The most obvious current example is Trump's embrace of the Republicans' shockingly cruel and ill-conceived attempt to replace the Affordable Care Act (ACA). Even before the Congressional Budget Office's released its analysis showing how many people would be harmed by the Republicans' bill, it was obvious that this was going to be a political mess.
During the campaign, of course, Trump had gleefully joined with all other Republicans in savaging the ACA. He knows an applause line and how to raise the volume, but it never seemed that the issue was important to Trump other than as a way to call Barack Obama the Worst President Ever. Trump is the perfect vehicle to level nonspecific and opportunistic complaints about the imperfections in the ACA.
As Republicans in Congress are learning, however, it is much more difficult to devise and defend specific legislation than to throw rocks through windows. Trump's entire political persona is about throwing rocks through windows, of course, so it is unsurprising that he piled on when it was fun. But why stick with it now?

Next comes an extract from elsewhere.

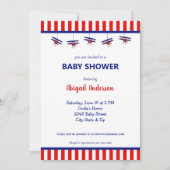 青と赤の飛行機の赤ストライプのちゃんシャワー 招待状 (正面)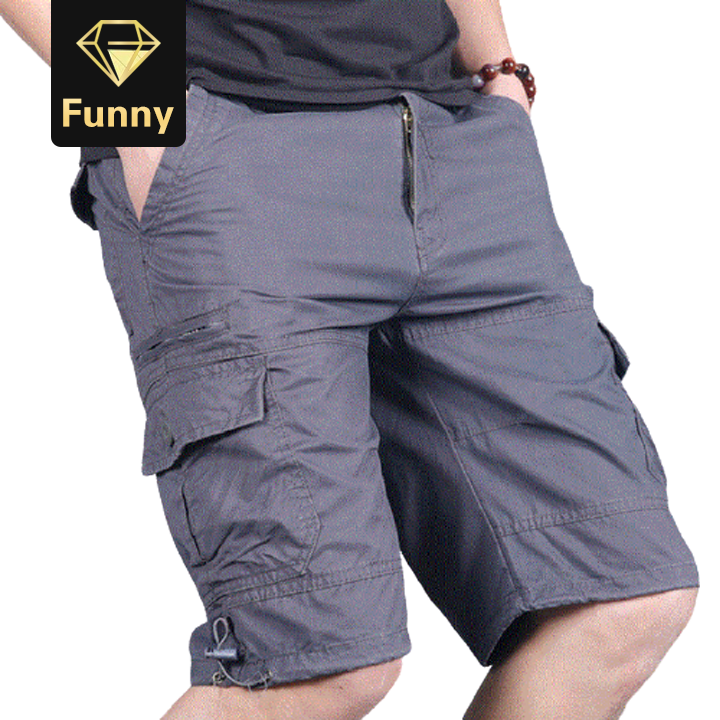 2021 High quality Men's Cargo Shorts Men Cotton Loose Work Casual Shorts Plus Size 4XL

Trump, after months of being notably distant from the health care debate, has suddenly decided that he is a huge fan of the Republicans' bill, and he is urging his supporters to get behind it. Even if Trump honestly was the last person on earth to discover that "health care could be so complicated," he knows now. Yet he is throwing his weight behind his party's unpopular leaders' new, terrible bill.
What makes this surprising, and the reason I am calling this an unforced error, is that Trump could easily have continued to stay on the sidelines. Even Barack Obama, after all, stayed largely out of the legislative process when the ACA was being formulated. Although he eventually embraced the bill as his own, his supporters were frequently frustrated during the process by his unwillingness to get involved in the fight. For example, the so-called Public Option went down essentially with little more than a whimper.
Trump could, in fact, have used his previous over-the-top hype about the ACA replacement as an excuse to step aside. He could have simply said that he promised to support a bill that provided better coverage to everyone at a lower price. "When Congress sends me that bill, I'll sign it." He could even have tried to blame Democrats for somehow being the reason that the Republicans' magical bill never came into existence.
This unforced error raises a number of possibilities, as noted above. He might be revealing that he cares about something other than his own self-importance. Maybe he has concluded that, as a policy matter, the Republicans' bill is a fine piece of work. We certainly have plenty of reason to believe that he does not care at all about the people who would be harmed by the bill, and he likes tax cuts for rich people.
But again, why put his own credibility on the line with a bill that is obviously a train wreck? He will either be tarred by its ugly demise, or perhaps worse for Trump politically, he will be left to defend a terrible bill that somehow emerges from the food fight among Republicans and carries his name. This suggests incompetence, not evidence of sincere belief in a proposed policy change.
Similarly, what is Trump thinking with his renewed enthusiasm for actually building the ridiculous "big beautiful wall" on the Mexican border? He is requesting serious money in his new budget to begin building the wall. What madness is this?
To be clear, I am not expecting Trump to admit that the idea of keeping out nonwhite people from the United States is an immoral position to hold. I am simply saying -- as many, many people have said over the last few months -- that there are plenty of easy ways for Trump to finesse this situation in a way that spares him political damage.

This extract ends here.